The night of San Juan marks the beginning of summer and in Spain, there is a long list of traditions associated with this date depending on each city or region.
A deep-rooted festival
Although summer will officially start from next Friday, June 21st, for many Spaniards it will not be summer until the night of the 23rd. When the sun sets next Sunday, the traditional celebrations of the night of San Juan will begin throughout the Spain. But although the essence of the party is the same, in each region of the country it is celebrated in a different way. Bonfires, swimming at midnight, dinners on the beach, concerts ... The night of San Juan has inspired the most diverse but, in all cases, fascinating customs.
San Juan is an essentially Mediterranean celebration and, therefore, in Valencia it takes on one of its most multitudinous and, by no means small, magical faces. Tradition has it that throughout the afternoon of June 23rd, people start coming to the beaches of the city to prepare for the bonfires. The culminating moment of the day arrives at midnight. It is customary for everyone present to come to the beach and jump on the seven waves. In parallel, the more daring do the same with the bonfires, a practice that requires a certain concentration and caution so that the night does not end as a bitter experience. The celebrations take place thereafter.
Etxebarria Park is the nerve centre of the celebrations of San Juan in Bilbao. In the middle of the afternoon, concerts and the endless traditions associated with this day begin. It is worth bearing in mind that there are many customs that come together not only in Bilbao but in the rest of Vizcaya. For example, many people in Bilbao burn something old in the bonfires as a way of looking forward to the future. Others, on the other hand, prefer to jump over the nine rings of fire when the clock strikes midnight.
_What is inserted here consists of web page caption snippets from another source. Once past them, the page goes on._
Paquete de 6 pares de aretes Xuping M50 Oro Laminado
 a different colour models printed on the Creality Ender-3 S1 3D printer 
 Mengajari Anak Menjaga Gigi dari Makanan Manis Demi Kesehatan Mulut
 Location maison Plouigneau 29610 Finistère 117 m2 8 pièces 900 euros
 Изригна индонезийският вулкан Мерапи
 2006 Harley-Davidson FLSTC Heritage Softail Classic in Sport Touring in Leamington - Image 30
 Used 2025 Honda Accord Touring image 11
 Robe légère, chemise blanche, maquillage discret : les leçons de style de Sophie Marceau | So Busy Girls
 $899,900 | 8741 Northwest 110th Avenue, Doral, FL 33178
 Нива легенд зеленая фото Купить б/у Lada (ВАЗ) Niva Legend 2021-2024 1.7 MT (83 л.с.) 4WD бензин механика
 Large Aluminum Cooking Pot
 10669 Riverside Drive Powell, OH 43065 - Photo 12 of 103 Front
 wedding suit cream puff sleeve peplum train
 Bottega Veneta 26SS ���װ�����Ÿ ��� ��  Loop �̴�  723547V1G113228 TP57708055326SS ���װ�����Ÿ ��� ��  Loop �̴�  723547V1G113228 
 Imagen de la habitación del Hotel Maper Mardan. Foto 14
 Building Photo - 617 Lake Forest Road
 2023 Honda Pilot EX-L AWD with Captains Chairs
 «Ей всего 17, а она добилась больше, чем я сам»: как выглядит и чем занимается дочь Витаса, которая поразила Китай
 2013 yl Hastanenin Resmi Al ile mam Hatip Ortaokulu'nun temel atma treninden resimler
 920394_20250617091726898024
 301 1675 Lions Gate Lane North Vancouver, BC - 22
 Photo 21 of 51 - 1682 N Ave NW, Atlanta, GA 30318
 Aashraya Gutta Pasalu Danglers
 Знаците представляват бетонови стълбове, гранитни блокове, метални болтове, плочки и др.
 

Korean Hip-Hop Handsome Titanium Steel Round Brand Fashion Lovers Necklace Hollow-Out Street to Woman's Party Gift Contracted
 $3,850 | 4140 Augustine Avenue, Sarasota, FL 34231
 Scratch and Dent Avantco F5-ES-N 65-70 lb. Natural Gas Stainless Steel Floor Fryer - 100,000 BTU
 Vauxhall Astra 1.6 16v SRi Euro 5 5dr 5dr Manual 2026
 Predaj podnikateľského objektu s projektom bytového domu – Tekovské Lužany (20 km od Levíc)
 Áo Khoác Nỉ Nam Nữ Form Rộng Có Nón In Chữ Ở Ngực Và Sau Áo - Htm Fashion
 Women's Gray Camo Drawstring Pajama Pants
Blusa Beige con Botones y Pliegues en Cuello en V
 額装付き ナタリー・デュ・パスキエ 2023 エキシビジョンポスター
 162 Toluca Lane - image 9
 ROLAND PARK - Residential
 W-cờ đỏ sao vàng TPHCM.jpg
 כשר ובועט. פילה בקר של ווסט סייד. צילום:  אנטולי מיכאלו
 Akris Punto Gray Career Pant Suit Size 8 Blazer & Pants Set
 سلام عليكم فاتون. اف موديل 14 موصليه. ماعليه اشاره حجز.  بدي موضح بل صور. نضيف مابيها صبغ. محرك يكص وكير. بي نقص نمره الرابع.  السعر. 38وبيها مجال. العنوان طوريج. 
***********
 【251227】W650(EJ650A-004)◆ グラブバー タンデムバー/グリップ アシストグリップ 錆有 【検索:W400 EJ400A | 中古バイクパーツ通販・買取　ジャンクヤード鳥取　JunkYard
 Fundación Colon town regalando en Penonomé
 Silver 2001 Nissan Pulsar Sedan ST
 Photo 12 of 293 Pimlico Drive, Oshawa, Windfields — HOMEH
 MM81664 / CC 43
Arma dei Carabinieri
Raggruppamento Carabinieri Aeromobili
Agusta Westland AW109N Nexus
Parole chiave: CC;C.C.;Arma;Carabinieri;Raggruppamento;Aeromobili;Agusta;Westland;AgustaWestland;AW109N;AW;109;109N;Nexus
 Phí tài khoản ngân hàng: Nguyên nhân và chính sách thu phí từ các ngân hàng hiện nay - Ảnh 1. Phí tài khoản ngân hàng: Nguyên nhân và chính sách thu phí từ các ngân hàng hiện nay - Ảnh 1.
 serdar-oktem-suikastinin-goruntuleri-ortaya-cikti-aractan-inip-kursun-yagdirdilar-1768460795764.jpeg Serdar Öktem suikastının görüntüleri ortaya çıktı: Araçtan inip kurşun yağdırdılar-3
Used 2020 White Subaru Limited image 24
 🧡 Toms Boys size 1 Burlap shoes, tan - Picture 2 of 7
Celebrations in Barcelona start earlier than in Valencia. Throughout the day, the stoves of the city prepare the emblematic cocas of San Juan, sweets that are consumed both at home with family and friends on the beach. In any case, the central act of the day is the Flame of Canigó. Around 18:00, the torch known as the Canigó Flame makes its triumphal entry into the square and, soon after, it is transported to other points of the city to light up the dozens of prepared bonfires. This torch will also travel to other towns through an extensive and unique tour of the Catalan regions.